Brent crude has traded between $45 and $50 a barrel during September, the type of narrow range that ultimately breaks open with a big shift in direction. Plenty rides on oil producers soothing concerns that a supply glut will be addressed.
Saudi Arabia is backing a co-ordinated production cut of up to 1m barrels a day if Iran agrees to freeze output at the level it pumped in August. However, Iran has said publicly its output has risen to 3.8m b/d and that it believes it has a right to regain its production level of at least 4m b/d. Brent slid nearly 4 per cent on Friday and closed out last week at less than $46 a barrel, indicating growing doubts over any production deal.

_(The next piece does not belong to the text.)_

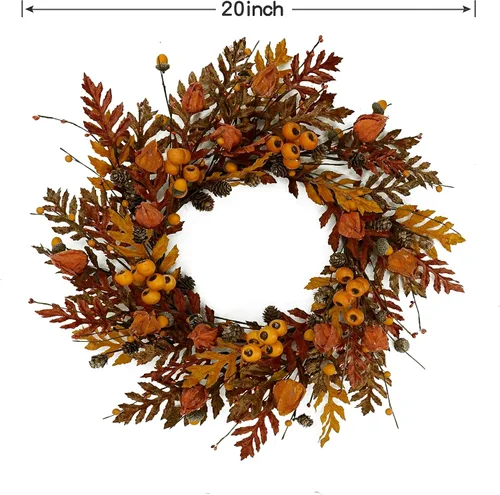 Miniatura 3 de WreathDream Corona de otoño de 20 pulgadas, corona de hojas de roble con capa de grosella, hoja de roble, bellota, baya, cono de pino para puerta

How far can market bulls charge?
Last week’s big central bank meetings reinvigorated risk appetite. After a pullback on Friday, the final week of the month and the third quarter may spur performance chasing. With the Fed not seen in play until the December meeting, the window remains open for investors to stick with winners such as emerging markets. Whether laggards such as European equities find favour remains an open question..

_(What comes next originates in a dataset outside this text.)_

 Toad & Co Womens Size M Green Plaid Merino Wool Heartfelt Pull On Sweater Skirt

How much further can international demand for emerging market assets rise?
After a week in which Argentina and Russia launched new sovereign bonds in euros and dollars respectively, many investors pointed to the attractiveness of emerging market debt in comparison to bond markets heavily distorted by central bank purchases.
Overall issuance of emerging market sovereign debt is on track to set records this year. In euros, total sovereign emerging market issuance for 2016 is now at $28bn, according to Dealogic — matching the previous annual record. However, the asset class is still exposed to US monetary policy, commodity prices and broader risk appetite.
The question is whether asset managers will further shift into emerging market debt and away from negative-yielding developed market bonds, or whether the threat of shifting monetary policy is still not severe enough to push investors elsewhere. Helping grease the wheels, the latest weekly inflow of $1.5bn into EM bond funds was the 12th in a row, and largest in five weeks.
What happens when the Bank of England starts buying corporate debt?
This week the Bank of England will launch its latest scheme to reinforce Britain’s economy by buying corporate bonds. The bank’s plan is to lower the cost of finance so companies will begin to borrow, invest and spend.
On Tuesday it will hold its first “reverse auction” where it asks traders and investors to offer prices. The bank will start buying bonds of energy, transport and water businesses, followed by consumer-focused companies on Wednesday and then, on the Friday, electricity and gas outfits.
The list includes bonds sold by foreign companies such as Apple, Daimler and General Electric as well as UK-based companies including Vodafone and GlaxoSmithKline.
Prices for corporate debt have risen in anticipation — the average yield on a bond in the Bank of America Merrill Lynch sterling index stands at 2.21 per cent. This is slightly off the record low of 2.06 per cent reached the week after the scheme was announced. Yields fall as prices increase.
A risk is whether the scheme will disappoint. The sterling bond market tends to be unloved compared with the larger euro and dollar markets so it may take more than cheap financing to tempt companies to start borrowing, especially with uncertainty about the eventual terms of Brexit still hanging over the economy.
How far is too far for the FTSE 100?
The main London equities index is making fresh headway, as the pound’s weakness after the Brexit vote flatters the balance sheets of its exporters and momentum from the rebound in risk assets after the Federal Reserve’s September meeting holds. Up more than 12 per cent since its closing nadir in July, the FTSE 100 is back above 6,900, nearing the 7,000 mark it last held in June 2015.